Porochista Khakpour on Learning to Own the Discomfort of the Body
"To Find a Home in My Body is to Tell a Story That Doesn’t Exist"
I have never been comfortable in my own body. Rather, I’ve felt my whole life that I was born in the wrong body. A slight woman, femme in appearance, olive skin that has varied from dark to light, thick black curly hair, large eyes, hands and feet too big, of somewhat more than average height and somewhat less than average weight—I’ve tried my whole life to understand what it is that seems off to me. It’s deeper than gender and sexuality, more complicated than just surface appearances. Sometimes the dysmorphia I experience in my body feels purely psychological and other times it feels like something weirder. As a child, I thought of myself as a ghost, an essence at best who’d entered some incorrect form. As I grew older, I accepted it as “otherness,” a feature of Americanness even. But every room I walk into I still quickly assign myself to outsider status, though it seems not everyone can see this. Many have in fact called my looks conventional, normal, even “good.” I’ve accepted it while also feeling like I’ve deceived them.
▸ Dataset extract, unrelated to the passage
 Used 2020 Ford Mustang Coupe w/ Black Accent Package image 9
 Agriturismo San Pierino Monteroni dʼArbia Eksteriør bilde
I’ve looked for answers from my first few years on this earth, early PTSD upon PTSD, marked by revolution and then war and then refugee years, a person without a home. Could that have caused it? Was displacement of the body literally causing a feeling of displacement in the body?
Only decades later did I confront something that may have been there the whole time: illness, or some failure of the physical body due to something outside of me, that I did not create, that my parents did not create. Illness taught me that something was wrong, more wrong than being born or living in the wrong place. My body never felt at ease; it was perhaps battling something before I knew it was. It was trying to get me out of something I could not imagine.
At some point, with chronic illness and disability, I grew to feel at home. My body was wrong, and through data, we could prove that.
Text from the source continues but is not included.